§ ENTRIES SHOWN:

————————

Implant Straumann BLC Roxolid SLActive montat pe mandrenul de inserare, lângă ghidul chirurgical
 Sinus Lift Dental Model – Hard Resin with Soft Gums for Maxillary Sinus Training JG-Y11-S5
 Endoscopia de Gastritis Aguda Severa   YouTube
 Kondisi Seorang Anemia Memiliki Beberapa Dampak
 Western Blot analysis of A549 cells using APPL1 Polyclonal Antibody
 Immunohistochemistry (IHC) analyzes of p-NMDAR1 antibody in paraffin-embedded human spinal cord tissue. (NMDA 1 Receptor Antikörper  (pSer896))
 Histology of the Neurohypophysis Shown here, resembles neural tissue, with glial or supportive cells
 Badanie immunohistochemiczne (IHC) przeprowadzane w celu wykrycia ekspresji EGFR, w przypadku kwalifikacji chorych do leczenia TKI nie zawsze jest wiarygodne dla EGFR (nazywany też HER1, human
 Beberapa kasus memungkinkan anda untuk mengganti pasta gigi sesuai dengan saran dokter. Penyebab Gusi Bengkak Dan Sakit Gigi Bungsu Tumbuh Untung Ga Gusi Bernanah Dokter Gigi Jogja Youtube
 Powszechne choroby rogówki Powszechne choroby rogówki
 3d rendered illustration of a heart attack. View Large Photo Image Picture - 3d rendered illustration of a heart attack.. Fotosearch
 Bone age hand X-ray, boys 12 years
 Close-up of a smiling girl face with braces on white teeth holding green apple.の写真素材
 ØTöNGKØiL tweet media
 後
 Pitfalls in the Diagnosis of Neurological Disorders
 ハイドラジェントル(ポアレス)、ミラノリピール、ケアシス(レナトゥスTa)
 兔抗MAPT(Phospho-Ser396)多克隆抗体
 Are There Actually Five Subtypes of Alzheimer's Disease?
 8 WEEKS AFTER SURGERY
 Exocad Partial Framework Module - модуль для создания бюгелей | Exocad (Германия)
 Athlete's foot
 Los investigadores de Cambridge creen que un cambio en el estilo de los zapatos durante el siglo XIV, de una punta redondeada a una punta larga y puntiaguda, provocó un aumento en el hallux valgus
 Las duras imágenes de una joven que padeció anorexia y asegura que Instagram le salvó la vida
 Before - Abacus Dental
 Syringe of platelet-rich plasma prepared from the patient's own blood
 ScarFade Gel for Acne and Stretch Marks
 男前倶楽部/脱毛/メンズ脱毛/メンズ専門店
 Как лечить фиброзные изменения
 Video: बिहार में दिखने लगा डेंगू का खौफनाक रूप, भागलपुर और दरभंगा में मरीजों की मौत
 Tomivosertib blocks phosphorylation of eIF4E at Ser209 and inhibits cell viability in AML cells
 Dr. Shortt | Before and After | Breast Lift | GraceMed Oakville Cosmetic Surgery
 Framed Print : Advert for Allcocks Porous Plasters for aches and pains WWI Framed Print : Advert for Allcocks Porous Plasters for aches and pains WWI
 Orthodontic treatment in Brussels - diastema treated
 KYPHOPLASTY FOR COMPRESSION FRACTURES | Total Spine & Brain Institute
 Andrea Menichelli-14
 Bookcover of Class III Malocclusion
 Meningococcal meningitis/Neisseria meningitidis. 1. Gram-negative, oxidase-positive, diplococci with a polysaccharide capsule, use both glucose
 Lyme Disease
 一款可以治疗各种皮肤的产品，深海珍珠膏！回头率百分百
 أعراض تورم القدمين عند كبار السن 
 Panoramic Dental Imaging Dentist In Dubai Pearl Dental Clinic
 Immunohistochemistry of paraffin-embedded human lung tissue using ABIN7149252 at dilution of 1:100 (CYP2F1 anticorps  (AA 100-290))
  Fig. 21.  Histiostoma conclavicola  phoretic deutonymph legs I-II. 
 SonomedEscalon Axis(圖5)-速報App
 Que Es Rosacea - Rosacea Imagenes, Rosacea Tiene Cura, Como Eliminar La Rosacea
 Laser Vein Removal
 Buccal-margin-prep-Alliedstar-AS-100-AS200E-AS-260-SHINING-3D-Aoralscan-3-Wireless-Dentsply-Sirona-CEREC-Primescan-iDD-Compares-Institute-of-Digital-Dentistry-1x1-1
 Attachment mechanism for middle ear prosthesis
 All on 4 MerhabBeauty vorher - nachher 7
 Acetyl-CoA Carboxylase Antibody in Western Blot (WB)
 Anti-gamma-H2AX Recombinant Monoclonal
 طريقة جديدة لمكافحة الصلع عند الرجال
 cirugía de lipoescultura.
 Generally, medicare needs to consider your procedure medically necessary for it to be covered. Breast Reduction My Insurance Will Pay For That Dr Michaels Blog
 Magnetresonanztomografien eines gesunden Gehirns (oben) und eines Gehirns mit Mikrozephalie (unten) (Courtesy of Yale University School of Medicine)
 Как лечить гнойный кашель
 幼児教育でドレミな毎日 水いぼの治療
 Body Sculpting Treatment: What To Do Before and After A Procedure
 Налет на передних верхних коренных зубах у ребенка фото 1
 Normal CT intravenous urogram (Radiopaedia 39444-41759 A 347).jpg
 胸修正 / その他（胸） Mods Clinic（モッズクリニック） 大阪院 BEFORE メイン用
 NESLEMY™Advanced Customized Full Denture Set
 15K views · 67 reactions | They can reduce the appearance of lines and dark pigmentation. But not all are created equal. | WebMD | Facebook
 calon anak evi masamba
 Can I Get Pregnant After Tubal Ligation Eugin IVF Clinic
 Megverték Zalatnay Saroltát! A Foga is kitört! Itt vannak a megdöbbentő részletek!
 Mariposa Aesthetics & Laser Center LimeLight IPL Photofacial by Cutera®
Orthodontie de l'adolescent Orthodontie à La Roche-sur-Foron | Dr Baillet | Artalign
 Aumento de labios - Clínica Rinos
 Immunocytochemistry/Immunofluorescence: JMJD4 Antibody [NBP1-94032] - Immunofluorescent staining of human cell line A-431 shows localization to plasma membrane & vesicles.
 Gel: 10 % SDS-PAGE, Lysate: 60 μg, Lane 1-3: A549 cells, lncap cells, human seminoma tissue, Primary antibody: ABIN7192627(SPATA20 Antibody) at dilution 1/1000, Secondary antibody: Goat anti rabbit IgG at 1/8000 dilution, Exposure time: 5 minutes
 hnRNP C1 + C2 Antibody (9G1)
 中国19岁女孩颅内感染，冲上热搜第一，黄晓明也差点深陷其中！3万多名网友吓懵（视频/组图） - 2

————————

Look for the line with "Acetyl-CoA Carboxylase Antibody" in the listing above. Print it and each later line exactly, ending with the last line.

 Acetyl-CoA Carboxylase Antibody in Western Blot (WB)
 Anti-gamma-H2AX Recombinant Monoclonal
 طريقة جديدة لمكافحة الصلع عند الرجال
 cirugía de lipoescultura.
 Generally, medicare needs to consider your procedure medically necessary for it to be covered. Breast Reduction My Insurance Will Pay For That Dr Michaels Blog
 Magnetresonanztomografien eines gesunden Gehirns (oben) und eines Gehirns mit Mikrozephalie (unten) (Courtesy of Yale University School of Medicine)
 Как лечить гнойный кашель
 幼児教育でドレミな毎日 水いぼの治療
 Body Sculpting Treatment: What To Do Before and After A Procedure
 Налет на передних верхних коренных зубах у ребенка фото 1
 Normal CT intravenous urogram (Radiopaedia 39444-41759 A 347).jpg
 胸修正 / その他（胸） Mods Clinic（モッズクリニック） 大阪院 BEFORE メイン用
 NESLEMY™Advanced Customized Full Denture Set
 15K views · 67 reactions | They can reduce the appearance of lines and dark pigmentation. But not all are created equal. | WebMD | Facebook
 calon anak evi masamba
 Can I Get Pregnant After Tubal Ligation Eugin IVF Clinic
 Megverték Zalatnay Saroltát! A Foga is kitört! Itt vannak a megdöbbentő részletek!
 Mariposa Aesthetics & Laser Center LimeLight IPL Photofacial by Cutera®
Orthodontie de l'adolescent Orthodontie à La Roche-sur-Foron | Dr Baillet | Artalign
 Aumento de labios - Clínica Rinos
 Immunocytochemistry/Immunofluorescence: JMJD4 Antibody [NBP1-94032] - Immunofluorescent staining of human cell line A-431 shows localization to plasma membrane & vesicles.
 Gel: 10 % SDS-PAGE, Lysate: 60 μg, Lane 1-3: A549 cells, lncap cells, human seminoma tissue, Primary antibody: ABIN7192627(SPATA20 Antibody) at dilution 1/1000, Secondary antibody: Goat anti rabbit IgG at 1/8000 dilution, Exposure time: 5 minutes
 hnRNP C1 + C2 Antibody (9G1)
 中国19岁女孩颅内感染，冲上热搜第一，黄晓明也差点深陷其中！3万多名网友吓懵（视频/组图） - 2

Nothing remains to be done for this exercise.